EXERCISE DIRECTIONS →
Pictures are to be left out, and only the lines below starting at the one with "Chalmiere / トーションレース丸襟半袖ブラウス" and ending at the one with "Negwoo Chunky Knit" are to be reproduced, each exactly, both ends included.

::: ENTRIES PROVIDED :::

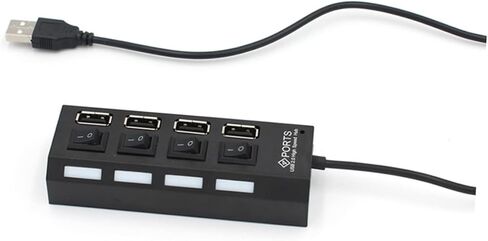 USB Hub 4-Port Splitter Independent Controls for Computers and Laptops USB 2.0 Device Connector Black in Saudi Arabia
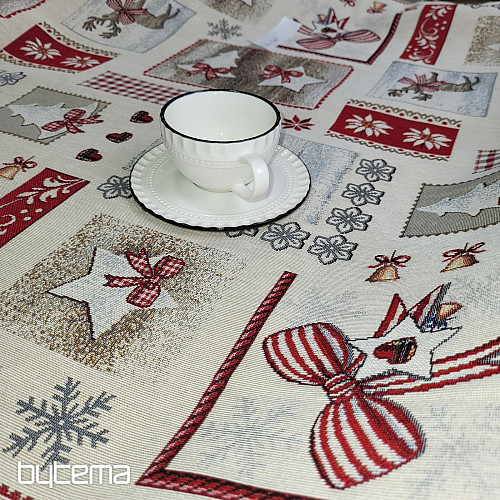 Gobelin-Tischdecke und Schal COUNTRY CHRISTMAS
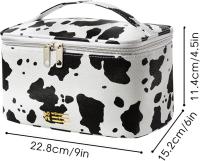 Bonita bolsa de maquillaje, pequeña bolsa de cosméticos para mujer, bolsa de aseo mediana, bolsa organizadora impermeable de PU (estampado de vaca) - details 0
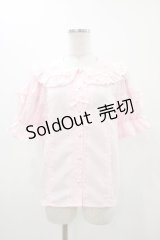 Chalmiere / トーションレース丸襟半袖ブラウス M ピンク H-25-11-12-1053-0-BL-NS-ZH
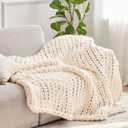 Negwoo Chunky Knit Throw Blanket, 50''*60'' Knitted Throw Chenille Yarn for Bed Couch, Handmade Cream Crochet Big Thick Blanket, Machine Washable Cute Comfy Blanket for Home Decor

:::
::: ENTRIES PROVIDED :::

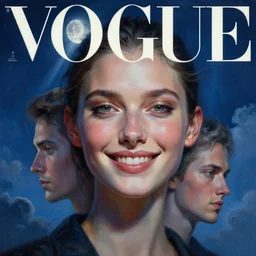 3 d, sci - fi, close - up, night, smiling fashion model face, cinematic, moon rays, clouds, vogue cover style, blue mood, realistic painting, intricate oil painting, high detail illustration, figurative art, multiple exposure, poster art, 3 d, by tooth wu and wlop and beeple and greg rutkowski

:::
::: ENTRIES PROVIDED :::

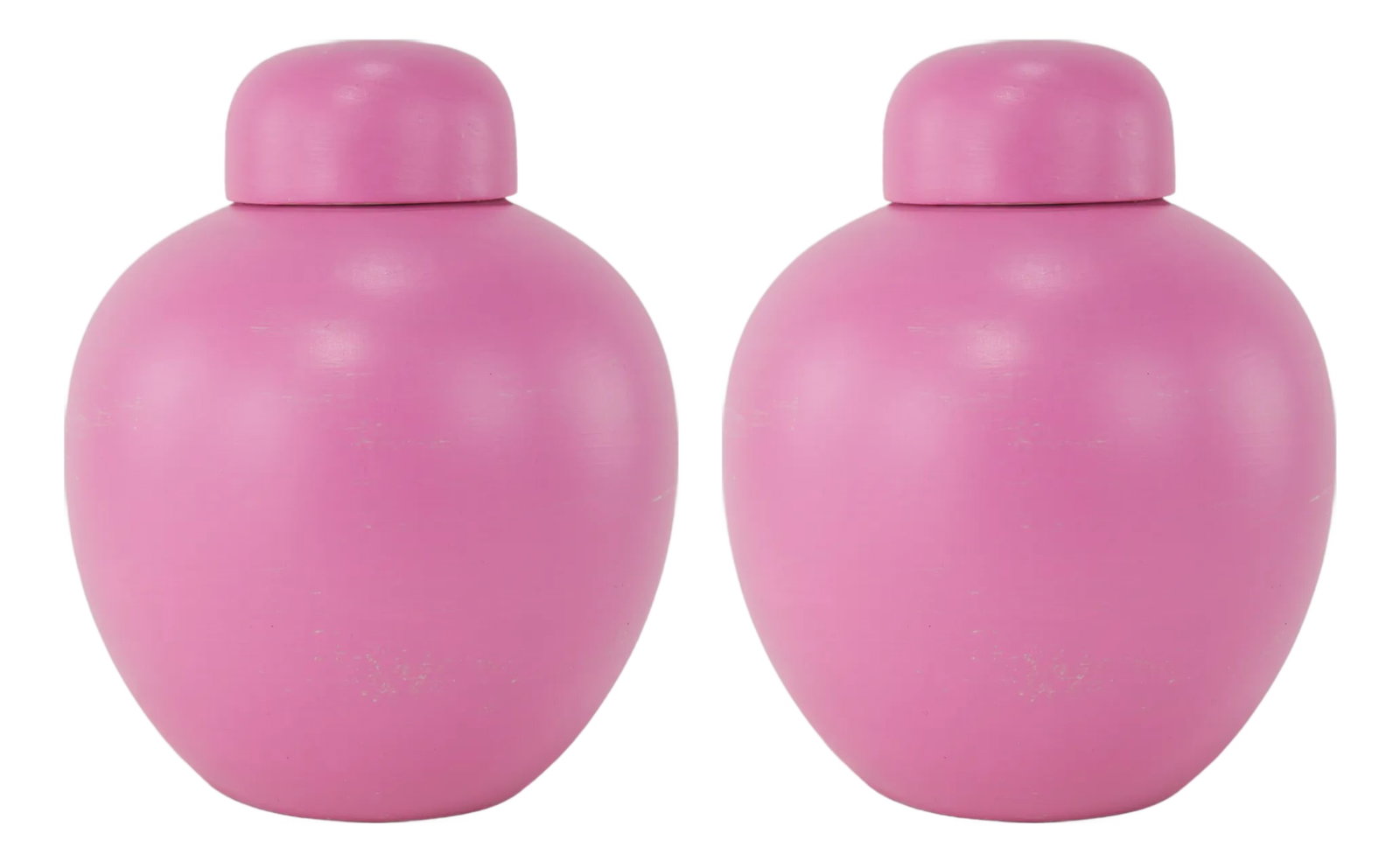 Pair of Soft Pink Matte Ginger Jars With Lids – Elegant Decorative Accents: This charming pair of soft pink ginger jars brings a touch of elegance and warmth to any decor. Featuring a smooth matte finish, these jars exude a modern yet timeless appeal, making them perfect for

:::

TASK ANSWER →
 Chalmiere / トーションレース丸襟半袖ブラウス M ピンク H-25-11-12-1053-0-BL-NS-ZH
 Negwoo Chunky Knit Throw Blanket, 50''*60'' Knitted Throw Chenille Yarn for Bed Couch, Handmade Cream Crochet Big Thick Blanket, Machine Washable Cute Comfy Blanket for Home Decor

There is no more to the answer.